The filing Cruz helped write echoed an argument often used by consumer advocates and plaintiffs attorneys who oppose tort reform and claim it protects companies that seriously harm people, especially the elderly and infirm: "Restoring the punitive damages awarded by the jury in this case is crucial if there is to be any hope of deterring companies like RCI from engaging in reckless conduct against vulnerable individuals.”
For the appeal, Cruz's main task was to sway three appeals court judges during oral arguments. On November 15, 2011, Cruz took time off from his Senate campaign to appear in an Albuquerque courtroom to argue for Selk and the $54 million jury award.…
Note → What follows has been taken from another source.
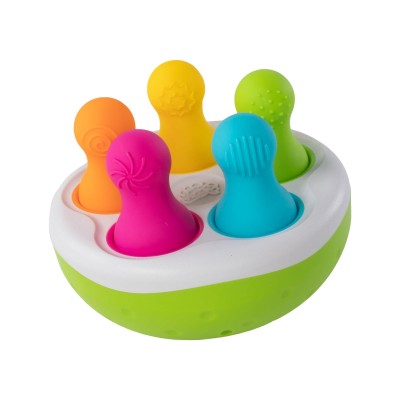 SpinnyPins Fat Brain Toys – sorter i wańki wstańki sensoryczne dla dzieci 18m+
The appeals court, Cruz told the judges, was obliged "to respect the jury's finding," regarding the substantial punitive damages, which, he noted, represented only 3 percent of RCI's gross revenue. Toward the end of his presentation, he put it plainly: "The purpose of punitive damages is to punish and to deter…The jury rightly concluded the appropriate amount to punish and deter was $48 million."
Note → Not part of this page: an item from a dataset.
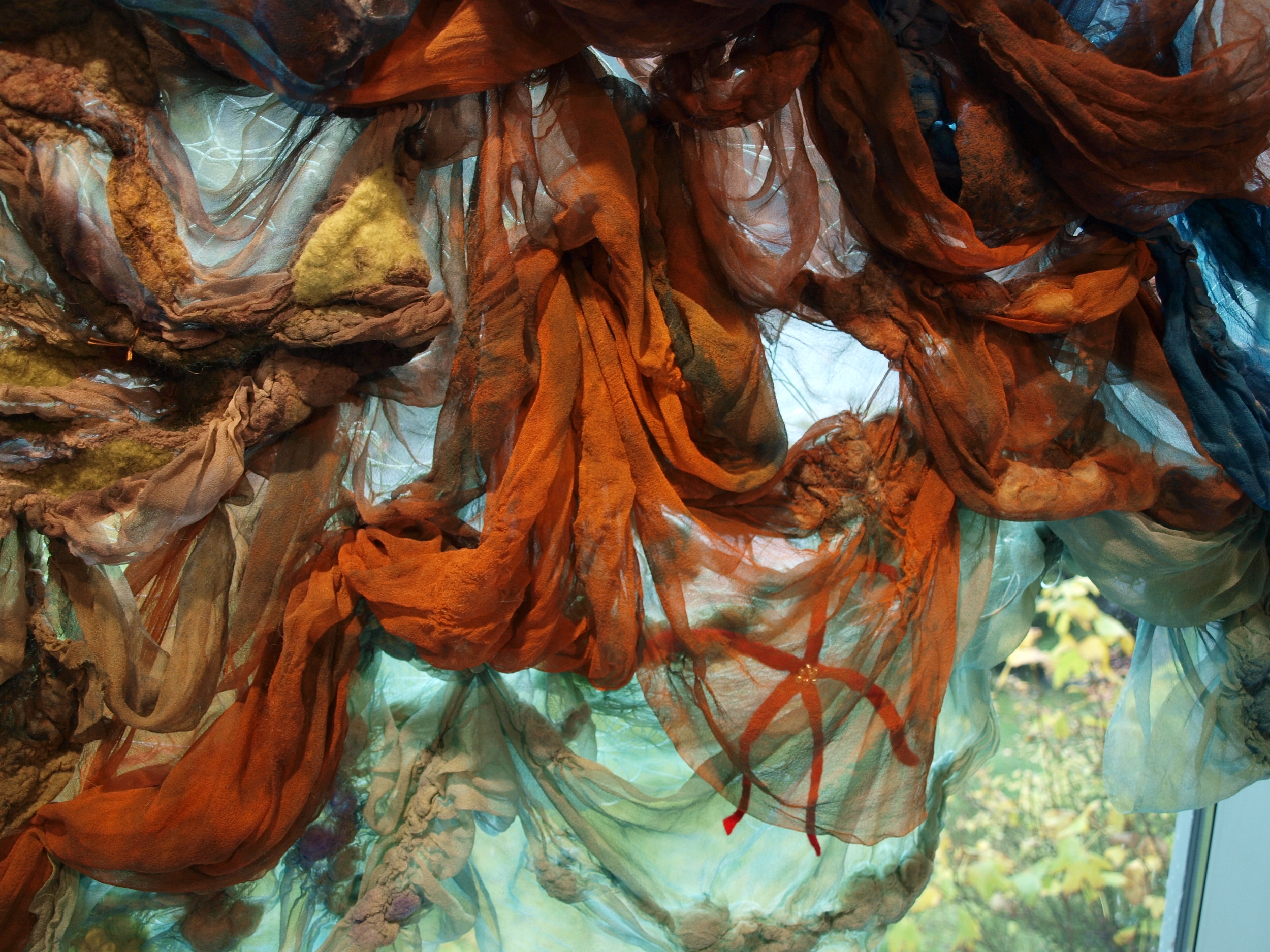 felts: nuno felted silk, detail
Yup. Again, “the case was settled before the appeals court reached a decision.” And here’s where the real hypocrisy comes in. Continues Corn,
If either the Selk or Barber case had been brought in Texas, the noneconomic damages could not exceed $250,000, according to Paula Sweeney, a Dallas attorney and former president of the Texas Trial Lawyers Association. “These jury verdicts would not be possible in Texas,” she says. And, Sweeney notes, the tort reform in Texas that Cruz supported has created serious obstacles to even filing such lawsuits. (In 2006, the American Bar Association Journal noted that "Texas plaintiffs layers have been leaving in droves from nursing home and medical malpractice litigation in the wake of tort reform.") Under Texas tort reform, Sweeney points out, a victim (or relative) cannot ask a jury to hit a corporation with tens of millions in punitive damages, as Cruz in the Selk case contended is necessary to deter serious wrongdoing.
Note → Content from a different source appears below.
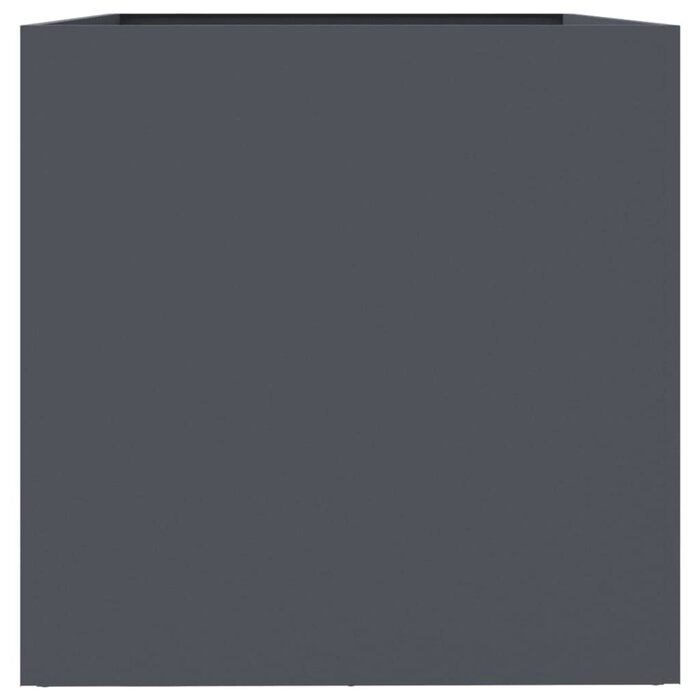 Jardinière en acier anthracite 62x47x46 cm - 33% de remise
See more here, here about how bad things are in Texas. Corn sums things up this way:
In the courtroom—when he was being paid—Cruz was an articulate and forceful champion of super-size punitive awards, insisting such lawsuits and punishments were needed to protect consumers from reckless corporations that put profits ahead of people. On the campaign trail—when he is trying to score political points and draw the support of the business community—Cruz has embraced tort reform that disempowers consumers and protects negligent companies from such penalties. So what does Cruz truly believe? It might depend on whether he is trying to win cases or win elections.